Intelligent earplug could help avoid damage to hearing

A new intelligent earplug system for offshore workers has the ability to calculate hearing thresholds in real time and make appropriate warnings.

A pilot scheme of the system — which encompases the special earplugs and database — is currently being carried among 80 workers at Norwegian company Statoil, overseen by researchers at SINTEF.

About 600 new or aggravated cases of hearing damage are reported to the Norwegian Petroleum Safety Authority each year.

‘Statoil has realised that this is one of the last things that are happening to their workers — they are losing their hearing — everything else is very safe offshore,’ said Olav Kvaløy of SINTEF, the Norwegian Research Institute.

The earplug itself is a variant of one already developed by SINTEF and produced by Nacre AS for the military, but now with electronics that are safe for a gas environment.

It is equipped with an external microphone that picks up noise from the surroundings. The sound is processed digitally and harmful noise filtered out. It is then transmitted to the loudspeaker on the inside of the plug so that the wearer can hear what is going on in his or her surroundings.

A microphone installed on the inside of the ear plug picks up speech signals through the wearer’s skull.

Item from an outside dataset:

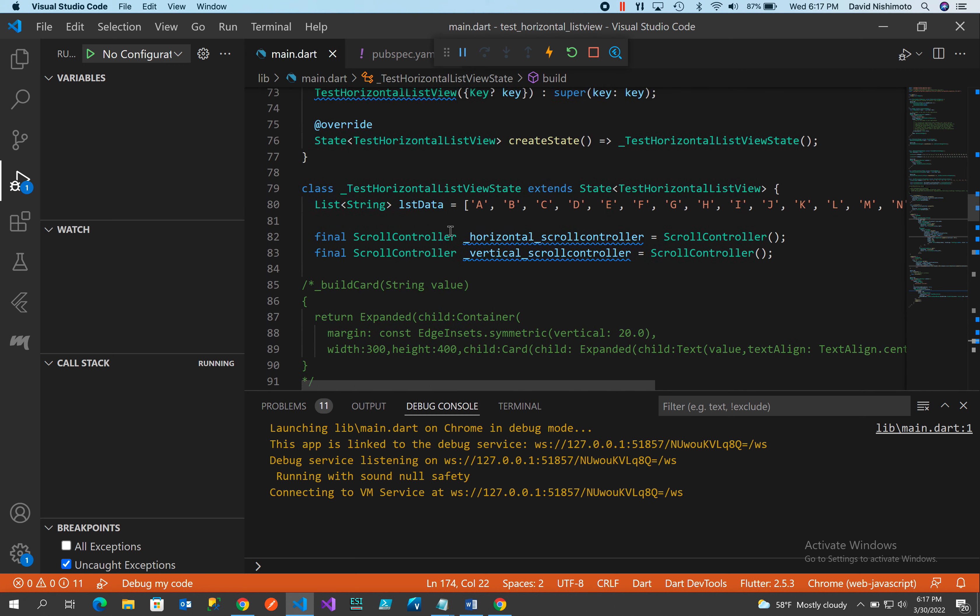Segment two, the vertical scroll bar, is quite a bit simpler. We have an Expanded with flex equals three, a ListView.builder with the vertical scroll controller, and we use the same list data set. The container is set to width 150, height 100, with a margin of 20, and we set a ListTile passing the value as text. So that's how you set up a horizontal ListView and a vertical ListView, along with a TextFormField input, all three segments working together on one page.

This makes the mouth microphones commonly used in traditional hearing-protection devices superfluous.

Since speech is registered within the ear canal, the wearer avoids exposure to background noise, which is the case with traditional mouth microphones.

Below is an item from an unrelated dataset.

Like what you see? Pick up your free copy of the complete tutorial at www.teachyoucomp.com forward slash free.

The innovation with the current system is the ability to perform threshold measurements, by constructing an audiogram (or hearing curve) that indicates if a hearing problem is developing.

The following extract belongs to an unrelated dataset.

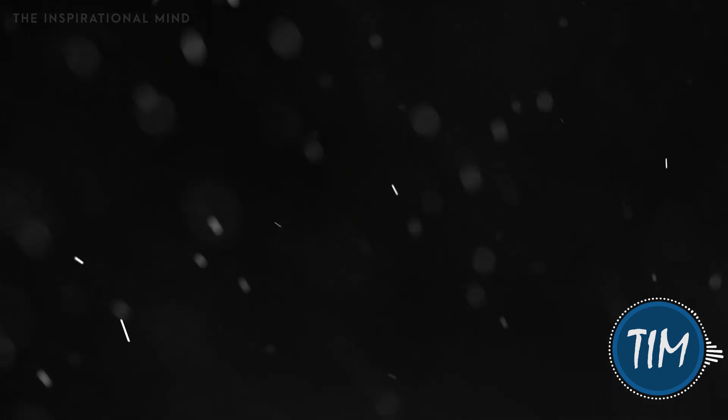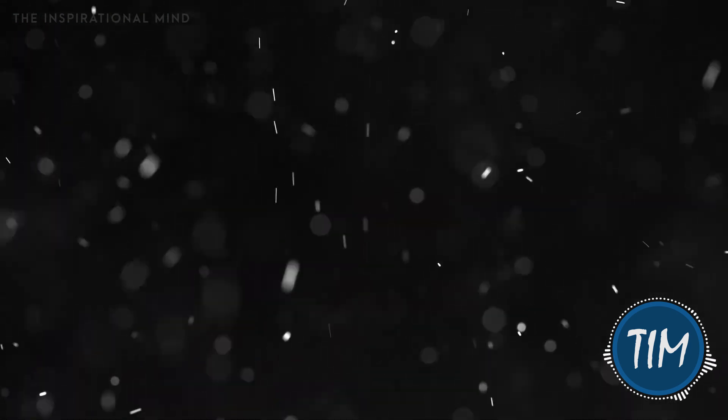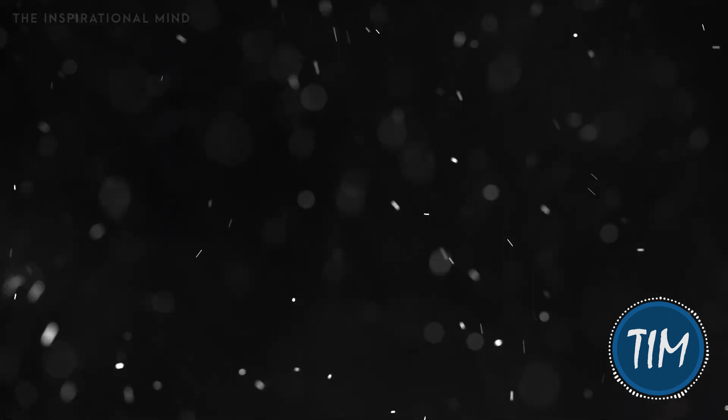This star true night to the northwest, o'er Bethlehem it took its rest. And there did both pause and stay right o'er the place where Jesus lay. Noel, Noel, Noel, Noel, born is the King of Israel.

‘We’ve developed two different measurements, one is exposure the other is threshold,’ Kvaløy said. ‘The exposure uses the inner microphone and threshold is a different set of signals that you respond to, like you would when you go to an audiologist, but it’s done automatically.’

Importantly, all the data is fed back wirelessly to an anonymous database that is analysed by the SINTEF researchers.

‘We’re on totally new ground, we could have really new knowledge here,’ Kvaløy said. ‘You can do threshold in the morning and the evening, and you will have the exposure in between — if [the worker] has a different threshold in the evening, meaning he has a slight hearing loss in the evening, we can ask what was he exposed to between.’